On Wed, Feb 13, 2008 at 03:54:44PM +0100, Michael Niedermayer wrote:
On Tue, Feb 12, 2008 at 08:37:21PM -0500, Rich Felker wrote:
On Tue, Feb 12, 2008 at 08:24:21PM +0100, Michael Niedermayer wrote:
Also keep in mind that what I said does NOT only apply to the mmap design but to a nice clean read-based design with low copying that probably IS similar to various current implementations.
I dont see how It wouldnt affect libavformat, also it wouldnt affect the simple: x= malloc(size+header) put header in x fread into x+header
This design is highly inefficient for high bitrate streams. The efficient implementation is:
And why exactly is above inefficient? The kernel internally has its own cache and prereads an appropriate amount, at least it should.
If it prereads, then there's an extra memcpy from the kernel buffer to the userspace buffer. However, preread and buffering can be disabled by posix_fadvise() on systems that fully support it. Then, the only activity on read() will be a single read from the disk directly to userspace buffers, or a single memcpy if some other process had already caused the file to be cached (but never a read into one buffer followed by a memcpy into another). Also, keep in mind not every platform/device will even have a kernel/user split. Data might directly move from the media reader device into a buffer that the demuxer has direct access to.
Duplicating the kernel cache seems rather the inefficient one. Also its much more compelx ...

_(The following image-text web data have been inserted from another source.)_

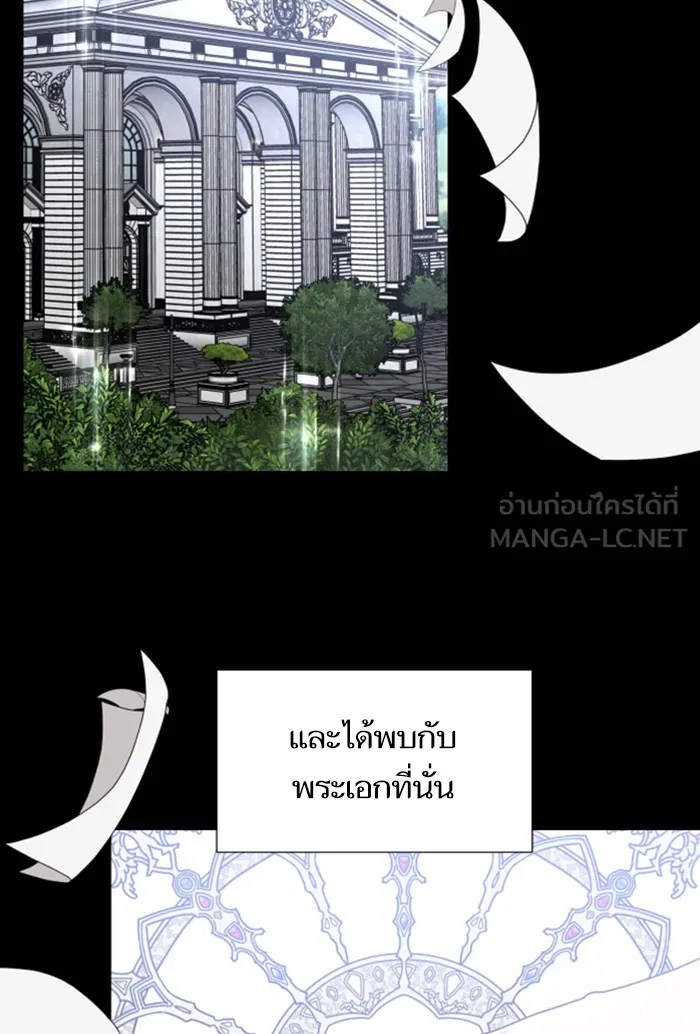 บุตรสาวของดยุกปีศาจ ตอนที่ 3 รูปที่ 9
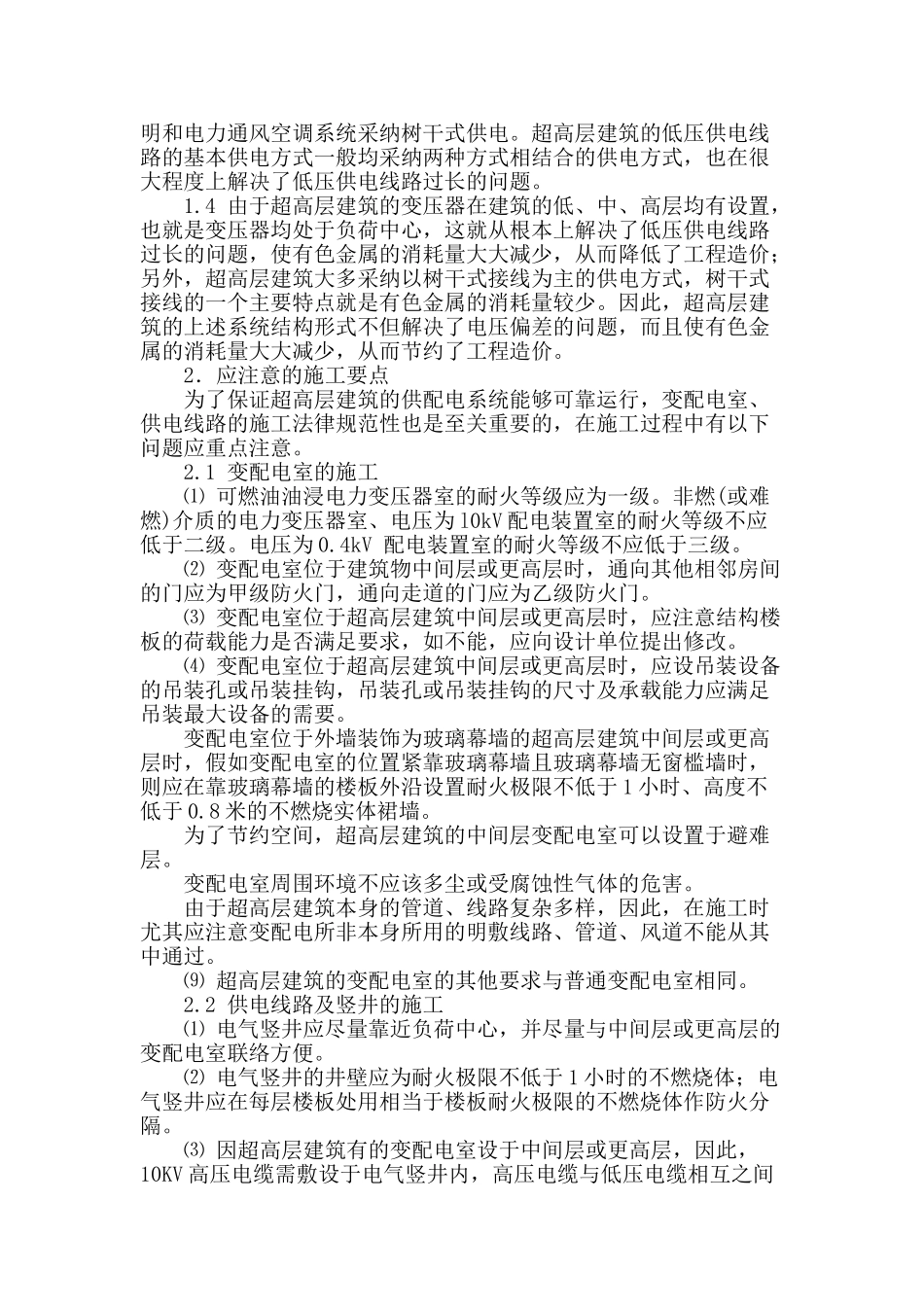 超高层建筑供配电系统的电压偏差控制及施工_第3页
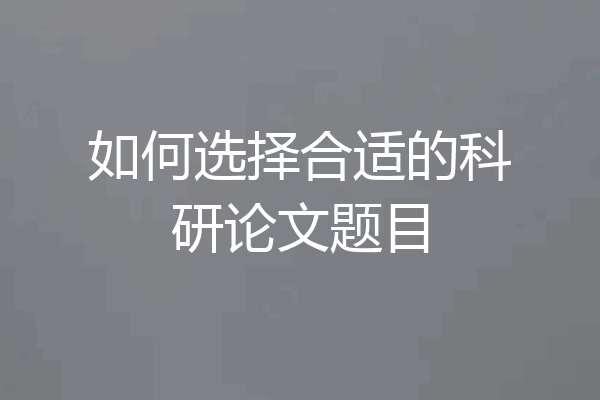 如何选择合适的科研论文题目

Mildly, but keep in mind that you can't _just_ use the kernel cache. Your example involved using the libc's stdio buffering too; otherwise the small reads for processing the container data would be incredibly expensive. On the old glibc I used to use, I measured fread performance being atrociously bad, always going through the stdio buffer and therefore double-copying. I don't know if it's as bad anymore, but my libc's implementation outperformed (old) glibc by several times on a loop-and-read-file benchmark with certain read-chunk sizes and fread(). I suspect this sort of badness is more the norm than the exception.
Also do you have some benchmarks, iam curious what the real difference is.
I suppose I could counstruct one. It might also be documented somewhere in the Austin Group/Open Group notes on why posix_fadvise and posix_madvise were adopted...
But iam not that much interrested in huge frames, a simple "header elision with frames > 1024 shall be considered an error" would probably be ok.
That would make me happy. I would even be happy allowing sizes up to 4096 or so if you think it would help.
I think it would, especially with mpeg headers ... you know 00 00 01 blah startcode shit ;) Also see svn log, ive just added elision headers, comments welcome ... Also time for nut to become a negative overhead container :)
=) =) =)
For PCM, there's no seeking issue because one always knows how to seek to an arbitrary sample in PCM 'frames'. In this case I would just recommend having a SHOULD clause that PCM frames SHOULD be same or shorter duration than the typical frame durations for other streams in the file (as a way of keeping interleaving clean and aiding players that don't want to do sample-resolution seeking inside PCM frames).
Well ... I do have a AVI with all audio in a single chunk (something like 10 or 20mb), do you want that .... in nut? mplayers avi demuxer can even seek in that avi :)
so honestly i dont think a should requirement alone would be a good idea.
Of course I don't want that in NUT. I suppose we should have a nice strong technical requirement to prevent it. How about just a limit to 4096 samples per frame? If one uses the maximum allowed frame size then, the overhead would be trivial (1 byte per 4096 bytes in the worst case, i.e. 0.025%, and much less with 16bit/stereo/etc.).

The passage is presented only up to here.